Thursday, January 22, 2015


Many analysts are going to be surprised this year or early next year when the Fed announces QE4.
All the previous inflationary policies did not work, as predicted. If it fails, try the same thing again. And that is what the Fed is going to do. But for now, the market believes that QE3 worked. They will be in for a shock.
When that happens, will China do a Switzerland? Or continue to bleed their citizen's wealth propping up the dollar?

In the past few years, analysts say that if China were to dump the dollar, they will lose big time, so they have no choice but to keep buying US bonds. Well, the former is somewhat true, but the latter is false. Sure, they will lose out on their existing holdings. They made a bad bet. And they know it.
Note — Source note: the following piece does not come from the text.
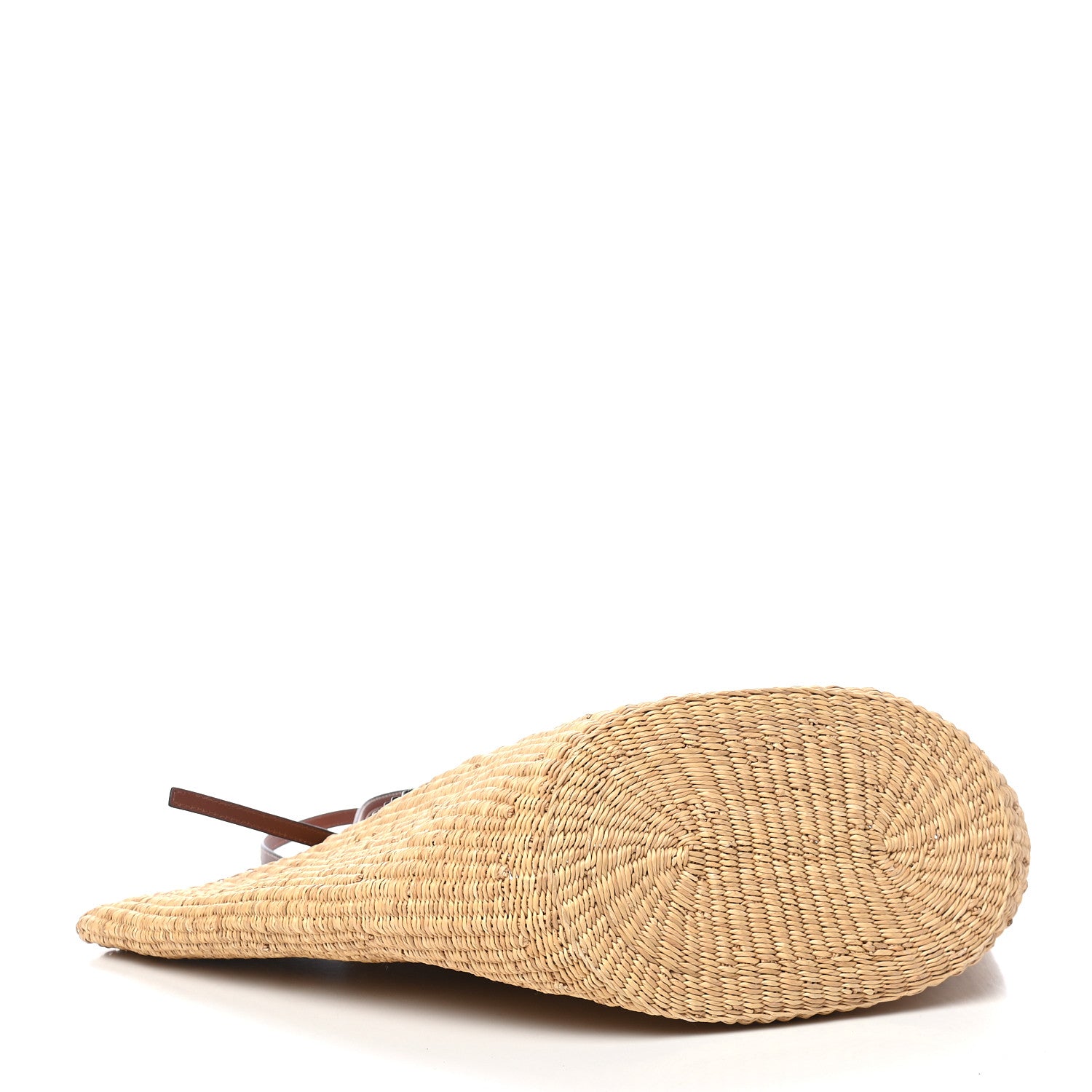 Loewe Raffia Calfskin Shell Basket Tote Natural Pecan 4 of 9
It is probably done to gain political influence and friendship, although the citizens have to foot the bill. But will they go on buying US debt indefinitely? Not in my opinion. They may lose money if they stop buying, but they will lose even more money if they continue buying. So which is better? In the past 22 months, their treasury holdings have already tapered off and started dropping. Whether this will continue to be a trend remains to be seen.

With China out of the picture for now, Japan the Fed, and, mysteriously, Belgium, have been soaking up all these US bonds. No one can predict how long this will go on. But pretty soon these bond holders have to start cutting their losses. Treasuries have had over 30 years of bull run. It had a 30-year bear run before that. The next 5 years will be truly exhilarating in the financial markets. But my thoughts are with the hundreds of millions or billions of innocent citizens across the globe who have been footing and will continue to foot the bill.